The idea of Mendelian inheritance, which is widely extended to the vast majority of gene-trait relationships that clearly are not following the monk's principles, is of discrete states one of which dominates in their various combinations.  This was (and is) extended to evolution, with our grossly inadequate 'winner take all', 'survival of the fittest' notion of one best -- fitness-wise dominant -- variant that natural selection favored into success just as surely as a dominant allele was favored ineluctably into manifestation in the organism.

But if you think of the other properties of life, which we center our book around and will briefly name here, you might ask how Mendelian thinking, which only by deep contortions can be related to those principles, could ever have taken hold, unless it's by what amounts to an ideology, a takeover of a certain highly deterministic, simplistic view of the living world--a view that simply, for decades, wrote off into alleged irrelevance the actual way in which organisms work.

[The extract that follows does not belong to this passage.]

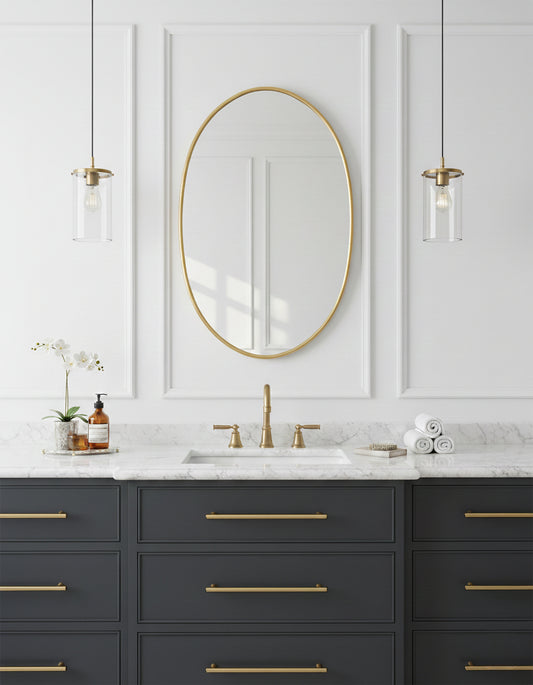Oval brass mirror above bathroom vanity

Sequestration and modularity
From DNA on up, life is organized as hierarchically nested partially sequestered units.  DNA has functional sequence elements arranged  together along chromosomes, but partially isolated in that they can serve their individual functions.  The units (such as amino acid codons) are repeated many times.  Proteins have partly separated functional units, too.  Cells are packaged units that have many different partially isolated subunits within them, such as organelles like mitochodria, isolated areas like the nucleus, and local differences in what is present in the cell membrane (e.g., a cell may have a front and back end, so to speak).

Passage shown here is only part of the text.